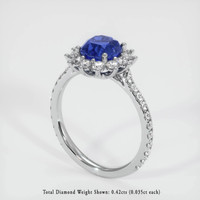2.04 Ct. Blue Sapphire Ring, Platinum 950 2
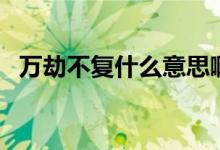 萬劫不復(fù)什么意思?。ㄈf劫不復(fù)什么意思）
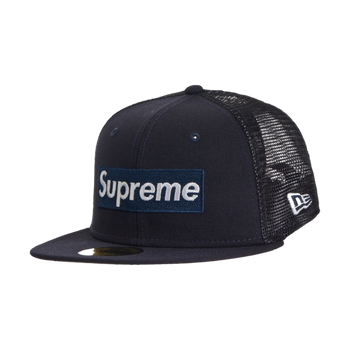 Supreme Box Logo Mesh Black New Era Hat Navy (SS23)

◇ ◇ ◇

■ **TASK DIRECTIONS**
Could the listing above be transcribed exactly, with the pictures left out?

■ **SOLUTION FOR THIS TASK**
2.04 Ct. Blue Sapphire Ring, Platinum 950 2
 萬劫不復(fù)什么意思?。ㄈf劫不復(fù)什么意思）
 Supreme Box Logo Mesh Black New Era Hat Navy (SS23)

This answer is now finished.